South Carolina Department of Health and Human Services director Anthony Keck was also on the line to provide specific Medicare or Medicaid related answers. Keck spoke about a new program that will launch next January that will make things easier for joint enrollees of Medicaid and Medicare.
“In January, we will be launching a new program called South Carolina Health Connections Prime which is a program targeted toward 150,000 dual eligible members and those are individuals eligible for Medicare and state program Medicaid,” Keck said. “And for first time that program will actually be managed together so beneficiaries will have a seamless experience between their physician’s office, their hospital, but other services such as long term care waivers that allow seniors to live in their homes and communities instead of having to go earlier than they’d like to a nursing home.”

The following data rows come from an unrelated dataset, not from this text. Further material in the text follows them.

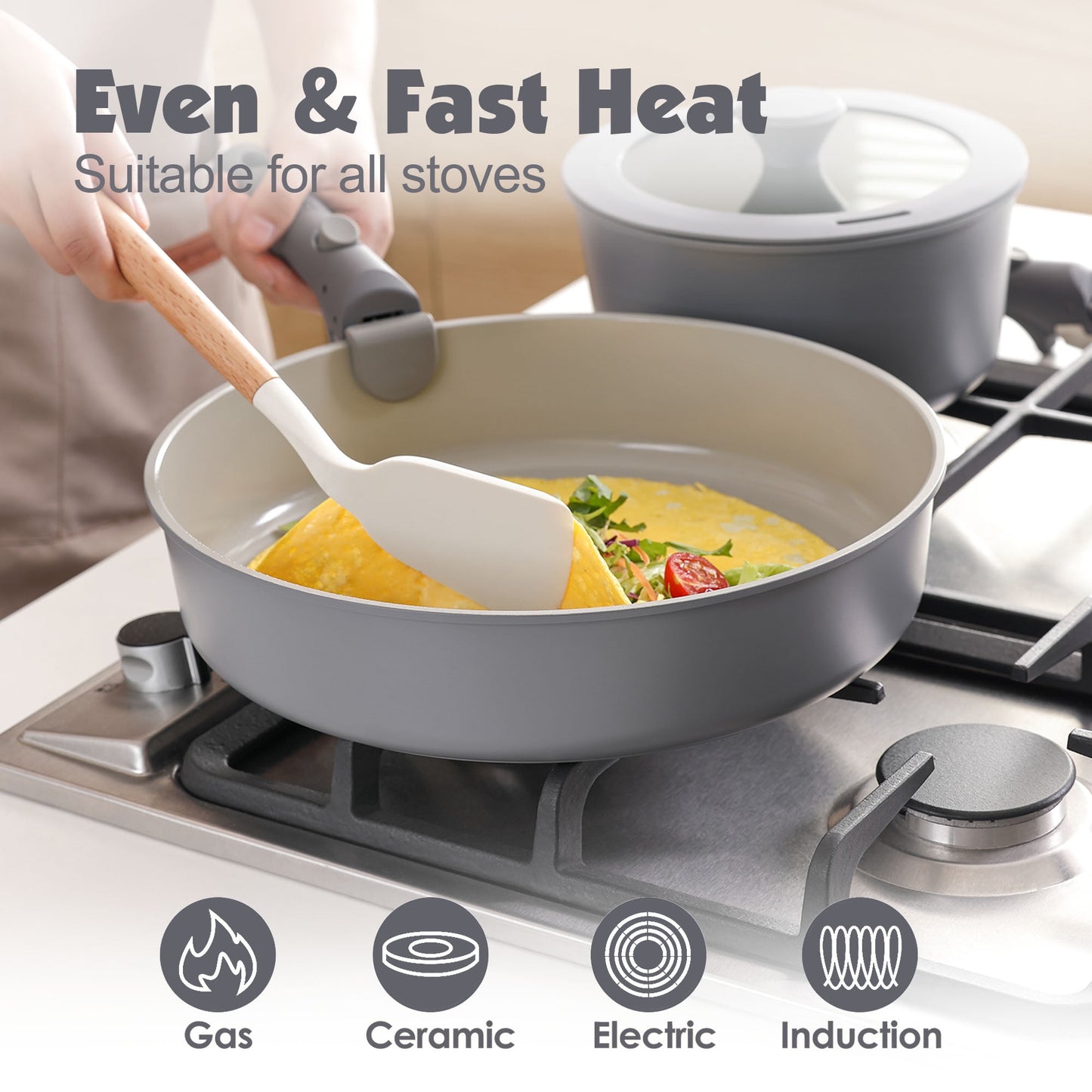 SENSARTE Nonstick Pots and Pans Set with Detachable Handle, 18Pcs Induction Kitchen Cookware Set Stackable, Dishwasher/Oven Safe(Black)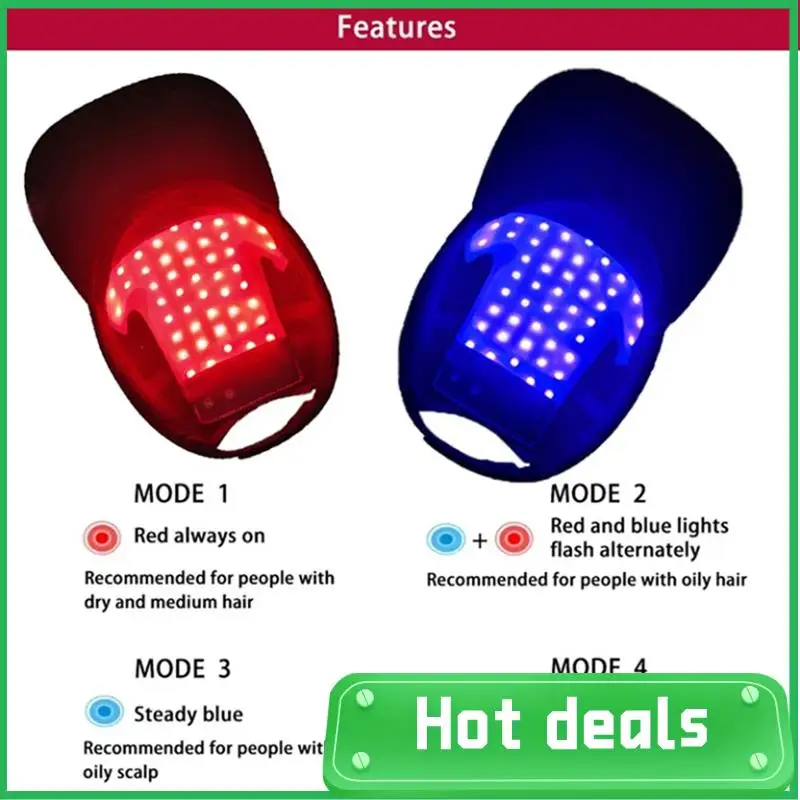 A74X-Infrared Hair Growth Instrument Physiotherapy Head Cap Laser Red Blue Light Hair Care Device Relaxation Therapy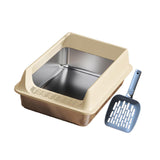 Maxbell Stainless Steel Cat Litter Box Convenient Detachable Non Stick Bottom Sturdy Khaki Medium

The town hall teleconference had 4,277 listeners and Rice, along with his district manager Andrew Mims and Keck, addressed the questions of six people on the call, including the last question which came from Richard Ridgeley of Myrtle Beach who asked about the state’s right to work stance.
“Down here in South Carolina they have a law -- a right to work state -- and my question is why don’t they get rid of that because you could be working for someone for 10 years and go buy a new car and go into work Monday and they tell you they don’t need you anymore,” Ridgeley said. “For no reason whatsoever.”
A change of pace from medical issues and VA claims, Rice took a moment to get into his jobs speech and said without a heavy union presence in South Carolina, the state is more competitive for jobs.
“I am actually in favor of South Carolina being a right to work state,” Rice said. “South Carolina is now one of the top states in country to do business; my entire focus since I’ve been in congress has been on American competitiveness.”
“That’s fine and dandy,” Ridgeley said. “My point is if you’re a working person down here with X amount in debt working five, 10 years and they say they don’t need you that is not right, that is not right.”
“If we’re going to provide the same level of opportunity that we’ve had to our children and grandchildren we have to apply that attitude of competitiveness to this country,” Rice said getting into his groove. “I think you’re going to continue to see the states that are right to work thrive and continue to see jobs fleeing those other states.”